Al final, lo que ocurre con estos debates en los medios de comunicación y entre políticos no es más que la obligación de formar mayorías. Y ese es el problema: formar mayorías para imponerse a la minoría, para someterla. En lugar de crear administraciones que gestionen (es decir, enfocadas al cliente) se buscan mayorías para legitimar la aplicación de medidas que trascienden a la mera gestión y que invaden la esfera de autonomía personal de cada individuo. Por ejemplo, si se va a ofrecer una educación pública, el currículum lo va a diseñar y aprobar un político, que al final es una persona normal y corriente (siendo benévolos). ¡¿Cómo es posible que una persona tenga tal poder a la hora de educar a nuestros hijos, sobre todo si no estamos de acuerdo en ese currículum?! Porque puede hacerlo debido a "la mayoría". Ese lenguaje de imposición y de funcionamiento, será vencido por los tiempos que corren, la transición será más o menos dolorosa en función de lo que uno quiera adaptar su entorno institucional.
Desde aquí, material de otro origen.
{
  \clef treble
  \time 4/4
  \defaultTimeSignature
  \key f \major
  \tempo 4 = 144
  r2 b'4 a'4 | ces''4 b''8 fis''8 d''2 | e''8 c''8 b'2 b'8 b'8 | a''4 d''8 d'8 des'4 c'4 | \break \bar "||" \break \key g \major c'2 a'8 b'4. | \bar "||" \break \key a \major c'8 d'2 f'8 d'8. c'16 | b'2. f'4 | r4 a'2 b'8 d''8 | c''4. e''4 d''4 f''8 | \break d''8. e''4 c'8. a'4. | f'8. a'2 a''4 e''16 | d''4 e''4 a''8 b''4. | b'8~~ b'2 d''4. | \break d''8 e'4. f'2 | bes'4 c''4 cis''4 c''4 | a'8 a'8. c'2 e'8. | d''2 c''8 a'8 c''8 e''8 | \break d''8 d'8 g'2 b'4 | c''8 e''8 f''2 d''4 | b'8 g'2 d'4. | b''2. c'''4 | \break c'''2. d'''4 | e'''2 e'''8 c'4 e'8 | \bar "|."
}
El 'procés' no fue un procedimiento para culminar en una República catalana, un nuevo marco institucional. Fue una maquinaria para crear independentistas, para crear masa crítica

En este sentido, el 'procés' no fue un procedimiento para culminar en una República catalana, un nuevo marco institucional. Fue una maquinaria para crear independentistas, para crear masa crítica. Rajoy, con su inacción primero (que no evitó el referéndum) y su torpe acción posterior (las cargas policiales) mantuvo y espoleó a los independentistas y ayudó a que su partido sea residual en Cataluña y el trasvase de votos a Ciudadanos.
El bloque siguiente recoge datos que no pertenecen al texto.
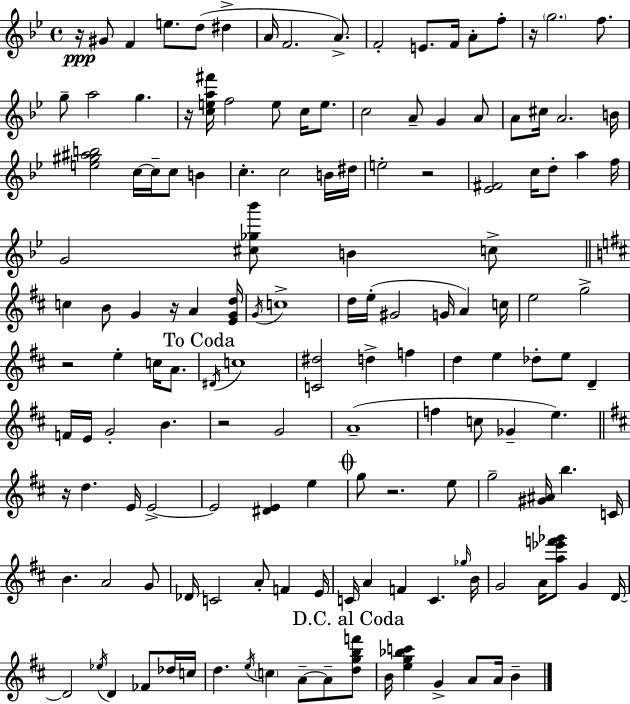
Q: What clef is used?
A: treble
Les ayudó y dio oxígeno porque el 'procés' no fue un proceso para crear una vía jurídica por la que poder expresarse el pueblo de Cataluña. No lo pueden hacer unilateralmente... ni tampoco fue nunca el objetivo (CUP aparte), porque no les hace falta. No hace falta convocar un referéndum porque ya pueden convocar elecciones autonómicas. El problema son las mayorías, como decía. Si hubieran obtenido un 80% de mayoría independentista reflejada en unas autonómicas, ¿estaríamos en la misma situación? Y aun así, ¿hubiera sido justo para el 20% no nacionalista separarse del Estado español?

La idea de Tabarnia no sólo refleja los puntos débiles del nacionalismo catalán, también del inmovilismo de quienes piensan que con un Estado de las Autonomías, que ya ha implosionado, que alienta y se basa en un Estado plurinacional (por el elevado intervencionismo estatal que permite y la redacción de su Constitución) van a resolver los problemas. Si no se quiere reducir el peso del Estado y despolitizar los servicios que éste ofrece, otra posible solución es reorganizar la estructura estatal desligándola de las realidades nacionales, ficticias y no ficticias. Tabarnia no deja de ser una propuesta, cuyo desdén nos augura años de tensiones. Pero pueden estudiarse otro tipo de organización que no tenga que ver con la Nación a la que cada uno quiera sentirse parte, ya sea en la realidad o en matrix.

Insisto, si no se quiere reducir el peso de la política en nuestras vidas, al menos valoremos reorganizar el Estado por ejemplo, dando más peso a las provincias, o a las jurisdicciones (ya ocurre en estos momentos en España y en la UE, no es una locura), o a las ciudades... Tampoco pensemos en términos binarios: hay muchas funciones que pueden descentralizarse más o menos.

Pensar que todo esto es una barbaridad y tratarlo con desdén y superioridad, es como pensar, a estas alturas, en prohibir los libros electrónicos no vaya a ser que desaparezcan los libros físicos... Y parece que en eso estamos.